Wife of Ryanair passenger partially sucked out of plane window recalls incident
Wife of Ryanair passenger partially sucked out of plane window recalls incident

By Ivana Sekularac and Alexandros Avramidis

Svetlana Maksimovic and her husband Ljubisa Karovic had just settled into a Ryanair flight last week when a loud bang ​pierced the hum of engines. Within seconds, she saw her 61-year-old husband being sucked through a dislodged cabin window.

In what Greek officials have described as a rare incident, Karovic, sitting in a window seat, was pulled partway out of the plane as his wife and others held on to him on the flight between the Greek city of Thessaloniki and Germany on ​July 10th.

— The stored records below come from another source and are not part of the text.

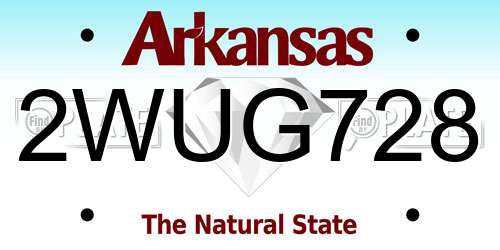 2WUG728 Arkansas License Plate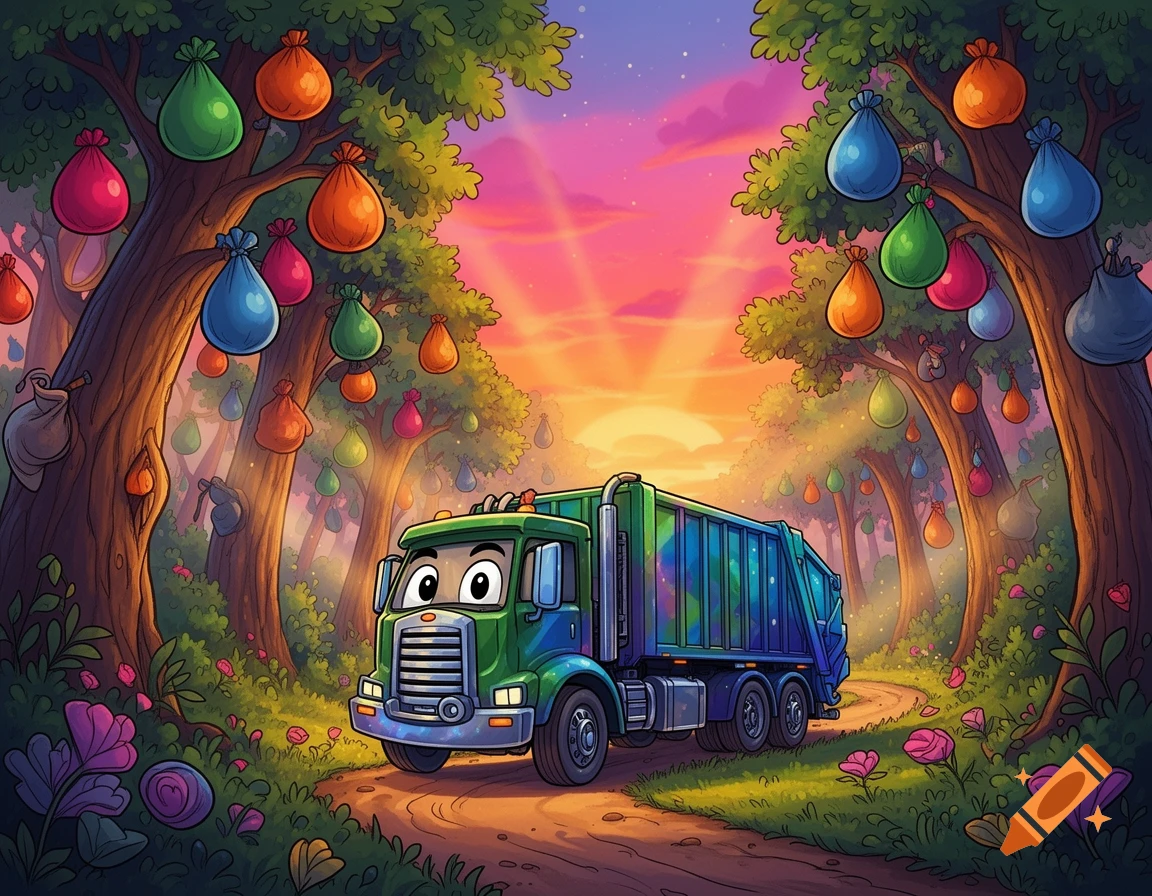 Friendly cartoon garbage truck driving on a forest path with trees full of colorful bags under a sunset sky.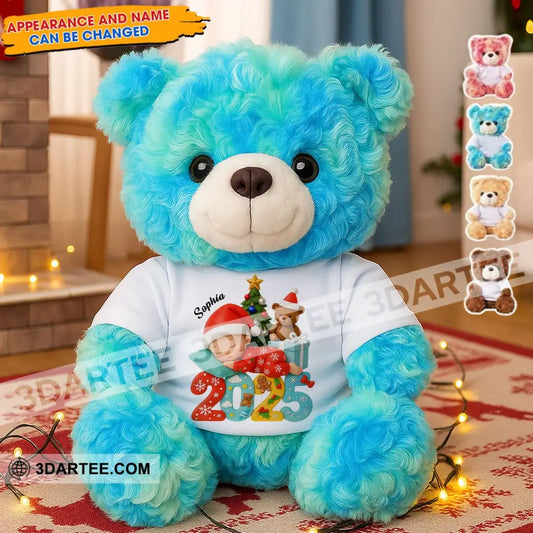 First Christmas Baby Personalized Teddy Bear Shirt Blue / 9’’ / No Graduate Teddy Bear Shirt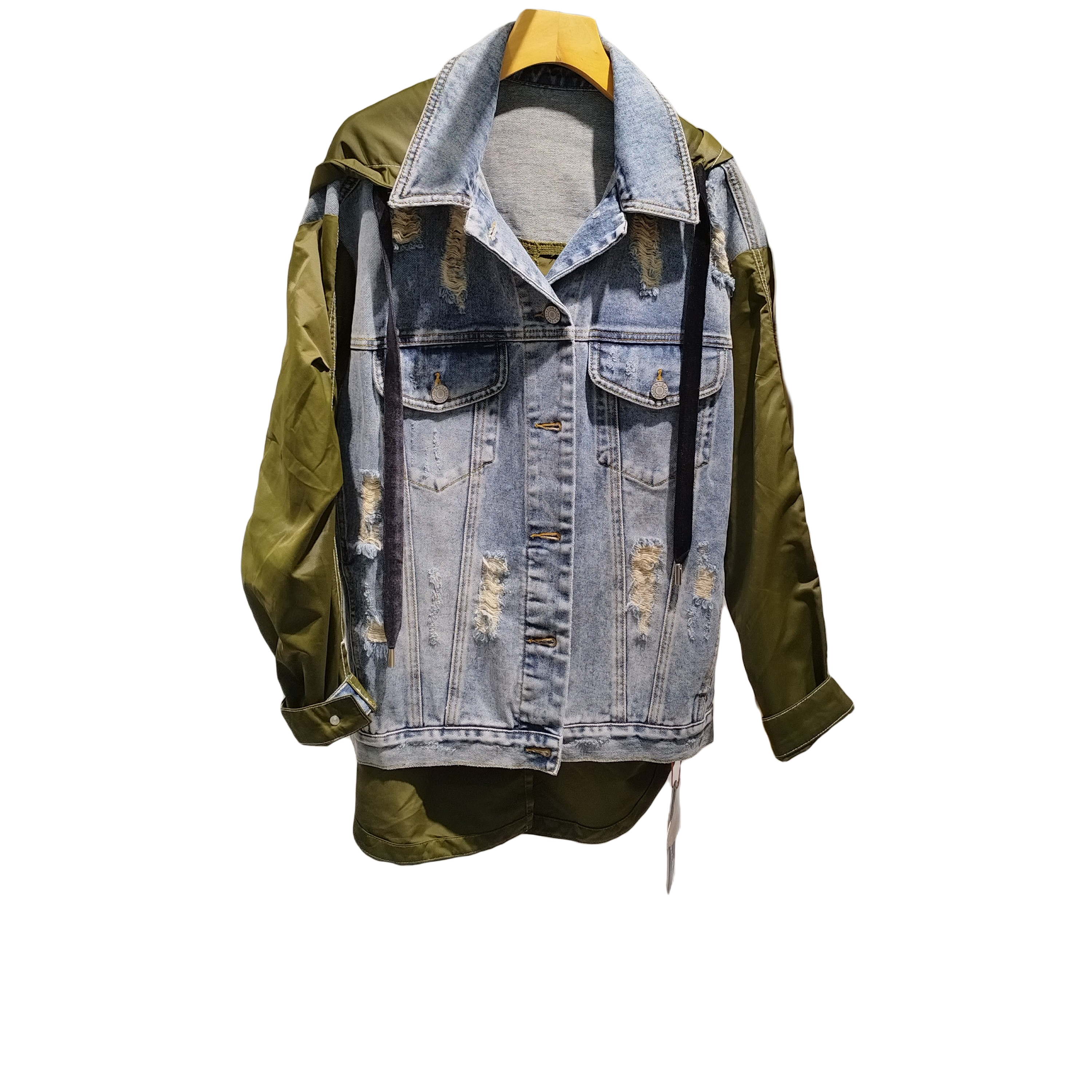 1116剪标裴娜晨2023拼接潮流连帽水洗休闲百搭怀旧牛仔长袖外套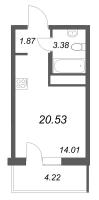 Студия № 68д Корп.: 1 , Секция 5  в ЖК Аэросити Лайф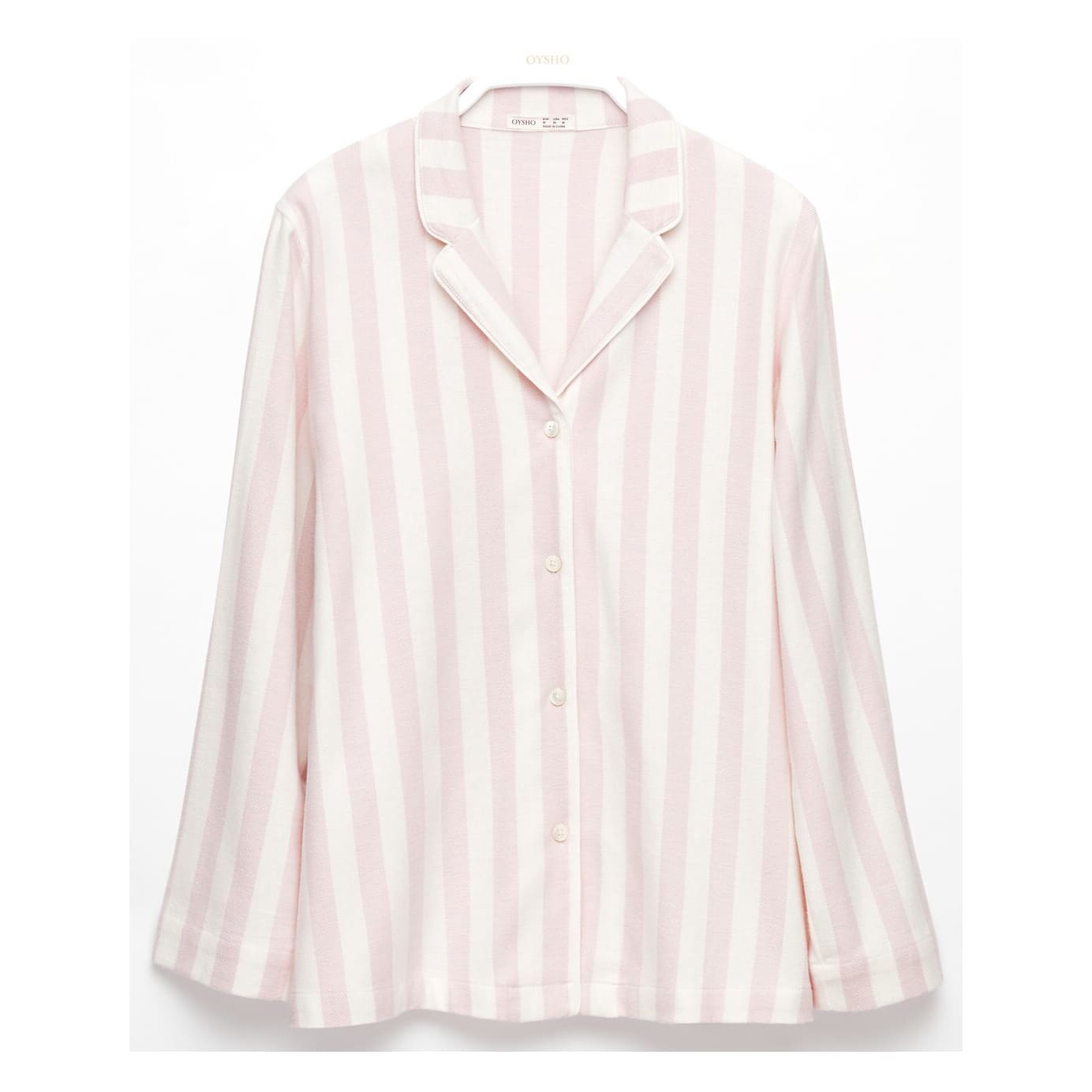 

Рубашка пижамная Oysho Extrawarm Stripe, бледно-розовый/экрю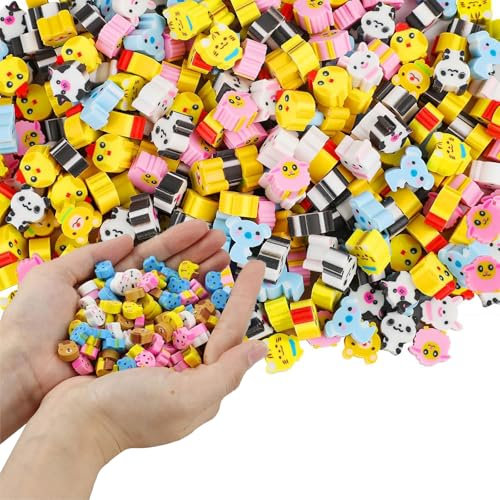 Mini Radiergummi Tiere Set, 300 Stück für Kinder - Neuheit für Party Favors, Bleistift Radierer Geschenke, Klasse Belohnungen für Studenten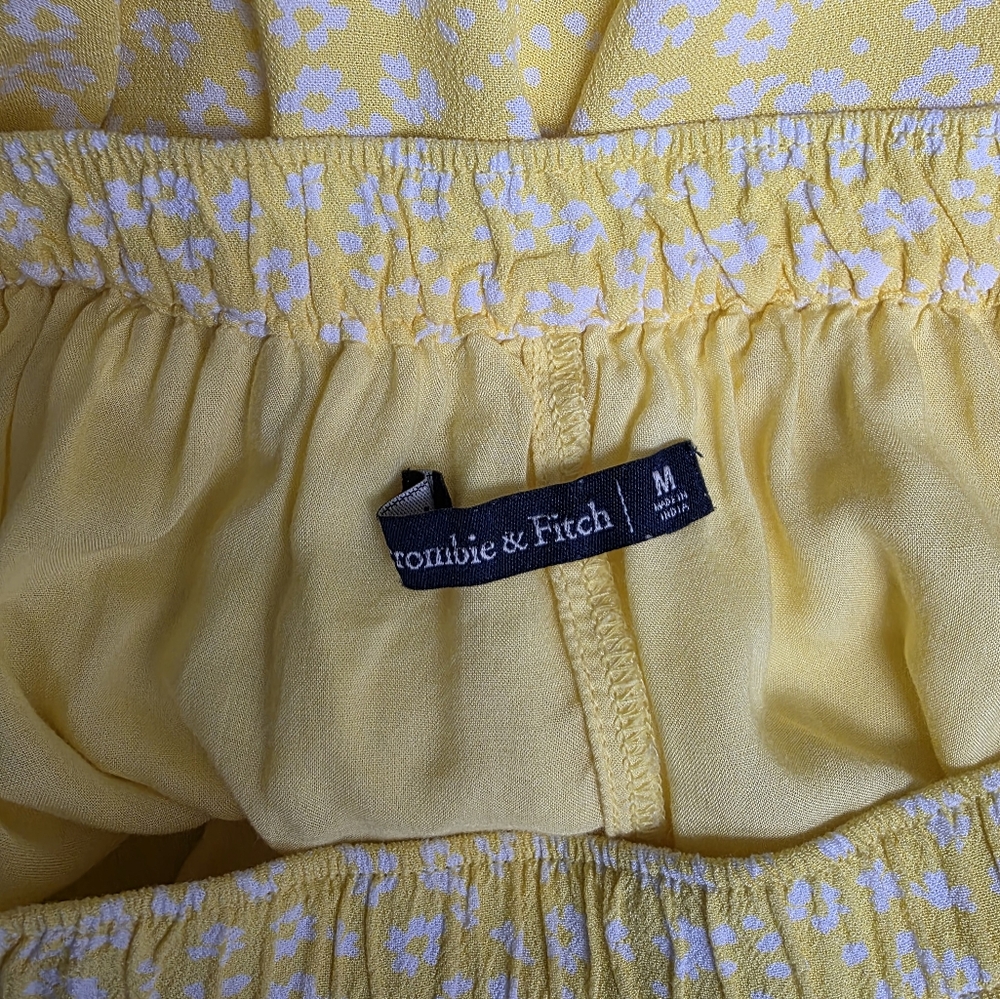 Ambercrombie & Fitch Yellow White Floral Ruffle Mini Skirt Size M - Picture 12 of 13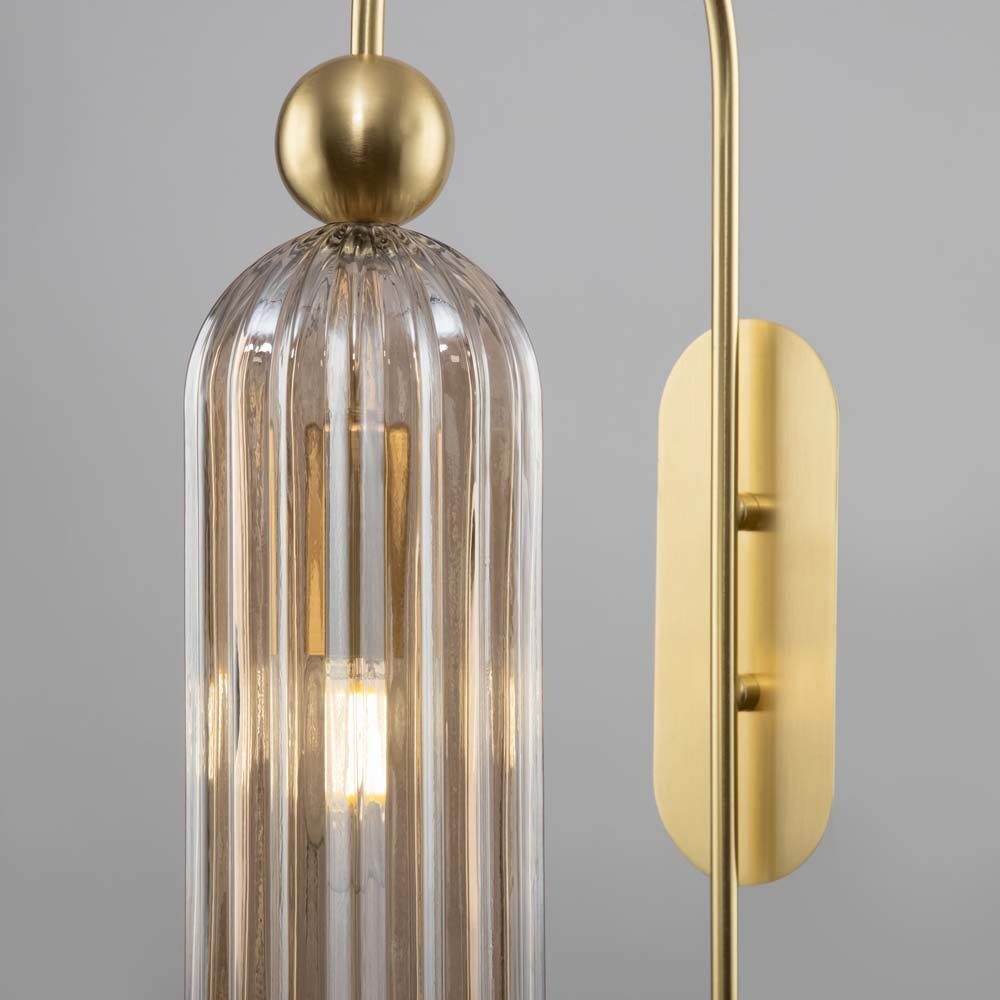 Maytoni Wandleuchte, Leuchtmittel nicht inklusive, Wandleuchte Wandlampe Schlafzimmerlampe Flurleuchte Gold Metall Glas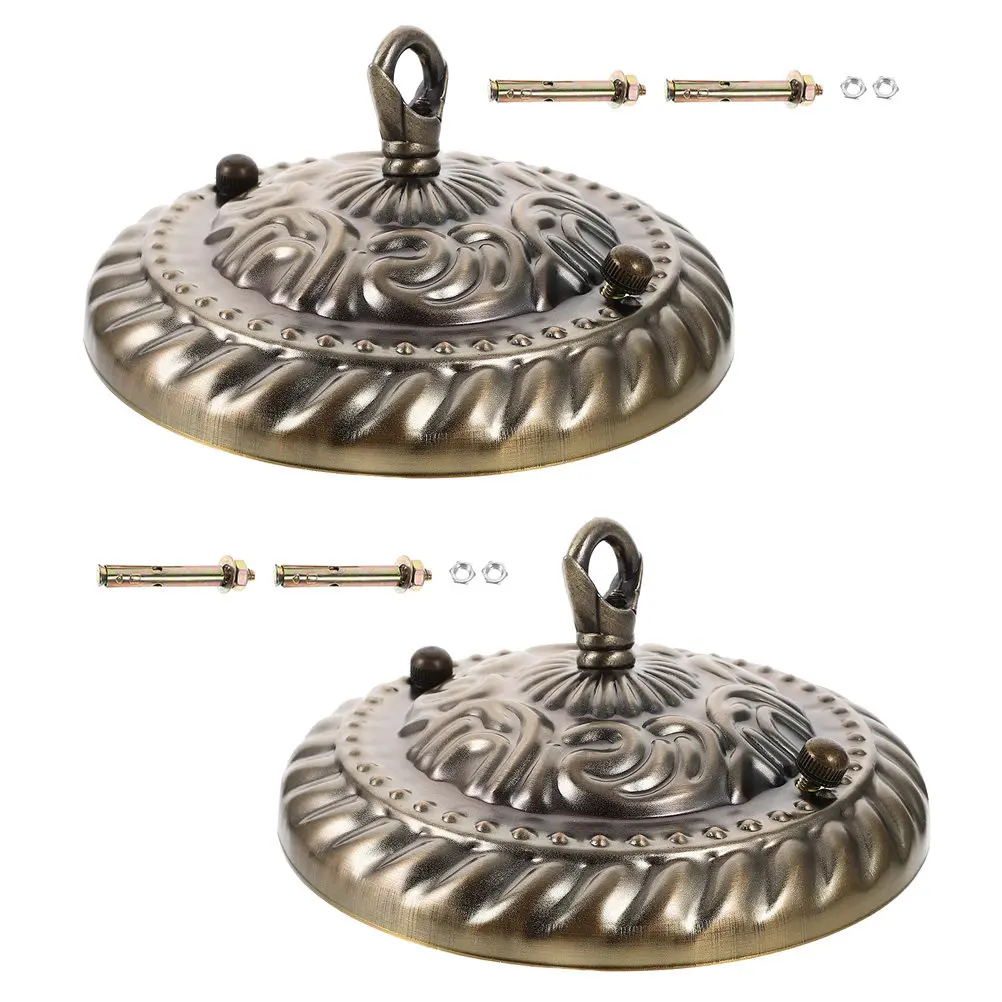2Pcs Vintage Pendant Light Plate Canopy Decorative Ceiling Chandelier Canopy Hook Lighting Fixture Cover Replacement
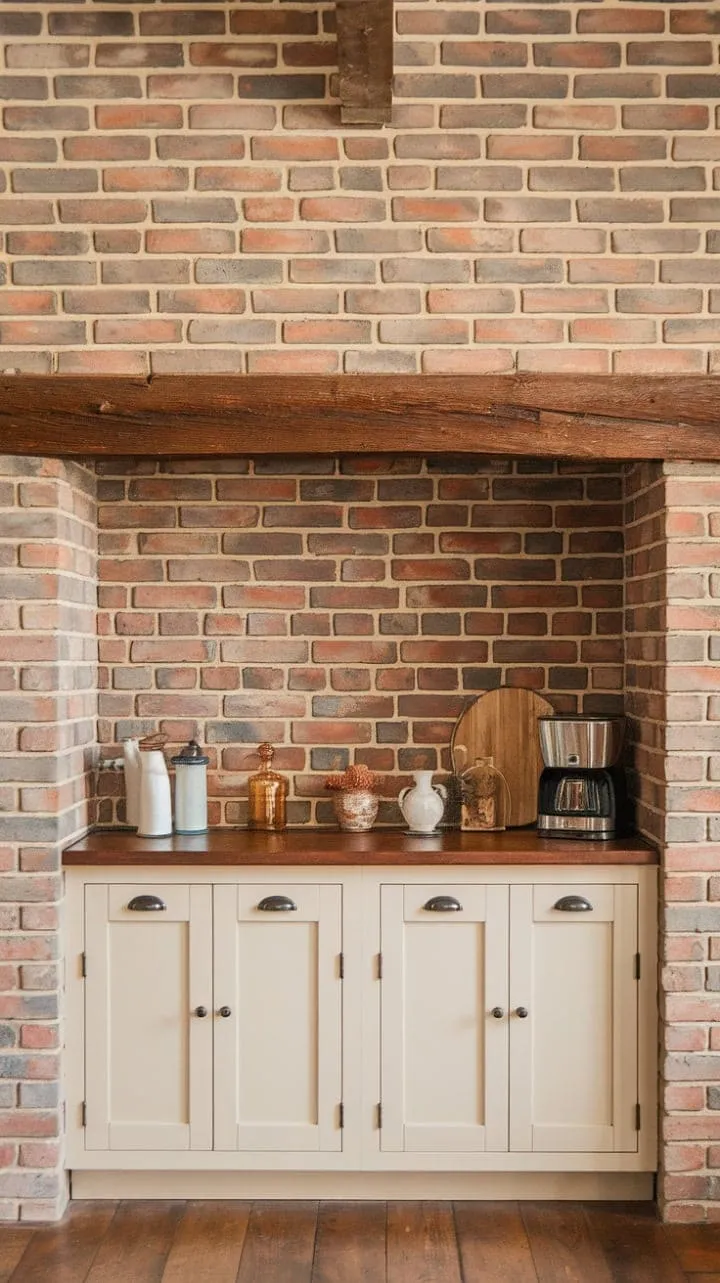 This farmhouse kitchen, with its warm rustic charm and inviting aromas, weaves together exposed brick, creamy cabinetry, and wooden beams into a timeless tapestry of family stories.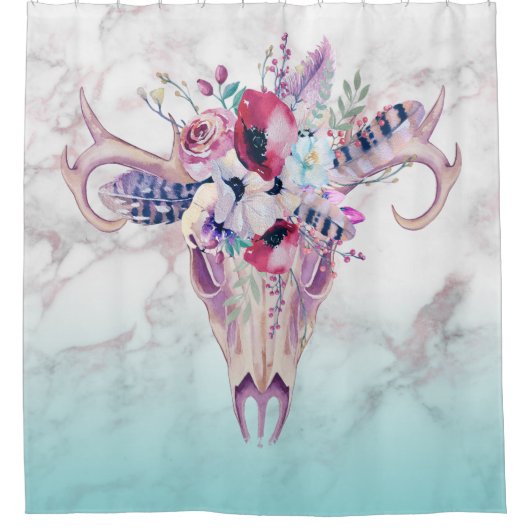 マーブルフェイクグラデーション&ボカラフルホスカル シャワーカーテン (正面)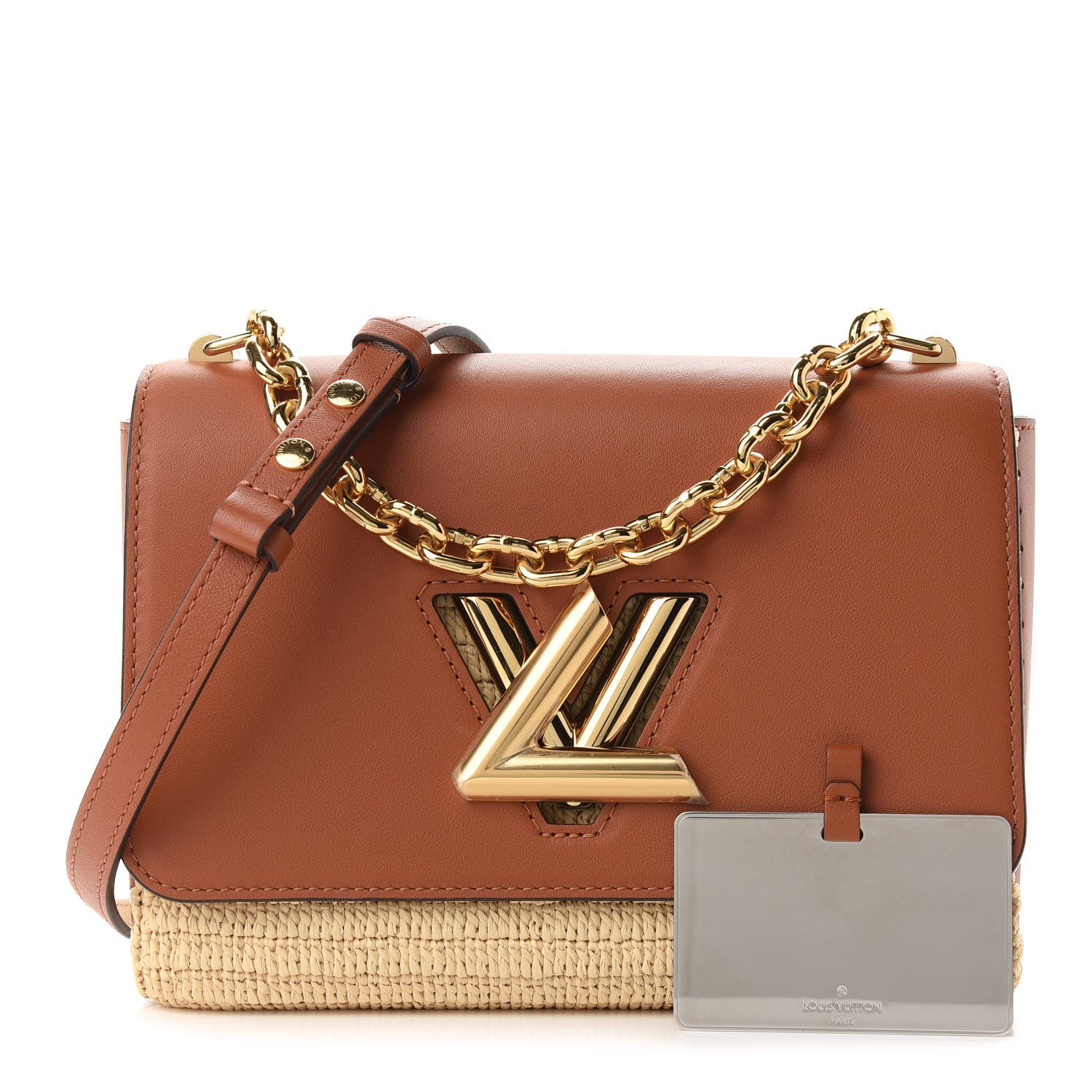 Louis Vuitton Calfskin Raffia Twist Shoulder Bag MM Caramel 944750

"I've never heard anything louder in my life before. I just (then) turned around and saw that part of his body had already gone out the window," Maksimovic told Reuters. ⁠His head and right arm were hanging out, she said.

Greek media and airport sources said that most likely a piece of engine broke ‌off ‌and ​smashed a window early in the flight, causing the cabin to decompress.

Ryanair has confirmed that a window dislodged during the flight, and senior executive Eddie Wilson said on Wednesday that photographs clearly showed damage to the engine and ⁠that the flight had returned to the airport using a single ​engine.

He declined to speculate on the cause, or whether engine debris had ​struck the window, pending the results of ongoing investigations.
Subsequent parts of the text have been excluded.